Die ANC wurde Ende Juli unter Boykott aller Oppositionsparteien gewählt und steht laut ihren Statuten über allen anderen staatlichen Gewalten. Bisher war es Konsens innerhalb des MUD, die Versammlung als illegal anzusehen. Nach der Vereidigung nun traten die schon länger schwelenden internen Spannungen offen zu Tage. Der zweifache Ex-Präsidentschaftskandidat Henrique Capriles Radonski warf AD-Chef Henry Ramos Allup vor, sich bei der Regierung anzubiedern. »Ich spreche nur für mich und nicht meine Partei. So lange Herr Ramos Allup Teil des MUD ist, werde ich dort nicht weitermachen«. Ramos reagierte verschnupft. Für viele sei dies ein willkommener Anlass, die AD anzugreifen, er aber werde »mit niemandem diskutieren«. Die Gouverneure hätten gegen die Parteilinie gehandelt und sich daher ohnehin »selbst ausgeschlossen«.

Der abgewählte Ex-Gouverneur des Staats Lara, Henry Falcón von der kleinen Mitte-Links-Partei Avanzada Progresista, übte derweil harsche Kritik an den beiden größeren Parteien Primero Justicia und Voluntad Popular. Diese hätten bei den Regionalwahlen »gegen ihn gespielt«. Als einer der wenigen Oppositionspolitiker hatte Fálcon seine Wahlniederlage eingestanden und keine Betrugsvorwürfe erhoben. Wahrscheinlicher als gezielte Fälschungen ist tatsächlich, dass vor allem eine unklare Strategie der Opposition und die im Vorfeld offene Diskreditierung des Wahlsystems viele Wählerinnen und Wähler verprellt haben. Zwei der radikaleren Organisationen des MUD hatten die Regionalwahlen zudem boykottiert.

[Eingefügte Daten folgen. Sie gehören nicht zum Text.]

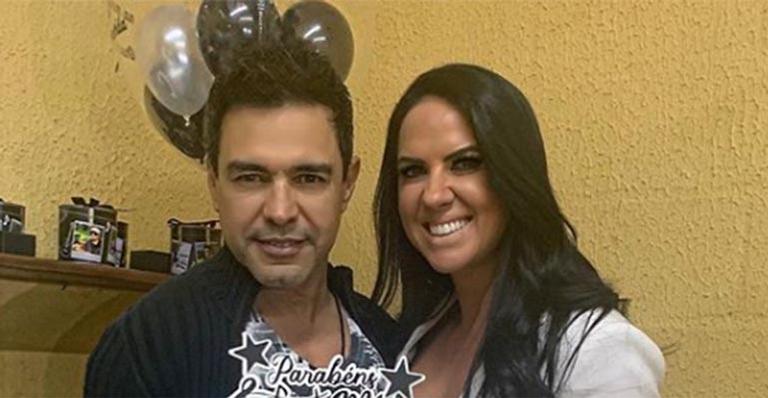 Zezé Di Camargo ganha festa de aniversário simples organizada pela noiva, Graciele Lacerda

Die internen Streitigkeiten spielen der geschwächten Regierung unter Nicolás Maduro in die Hände. Hatte die Regierung die Abhaltung der Regionalwahlen noch um fast ein Jahr verzögert, beschloss die Verfassunggebende Versammlung am Donnerstag, dass die ebenfalls noch ausstehenden Kommunalwahlen bereits im kommenden Dezember stattfinden sollen. Das Kalkül hinter der plötzlichen Eile könnte aufgehen: Freddy Guevara, der Koordinator von Voluntad Popular, kündigte bereits an, dass seine Partei erst wieder bei Wahlen antreten werde, wenn der Nationale Wahlrat (CNE) neu besetzt sei. Die ebenfalls am Donnerstag bekannt gegebene Entscheidung des Europaparlaments, den diesjährigen »Sacharow-Preis für Meinungsfreiheit« an die venezolanische Opposition zu verleihen, wird die Risse innerhalb des MUD kaum kitten.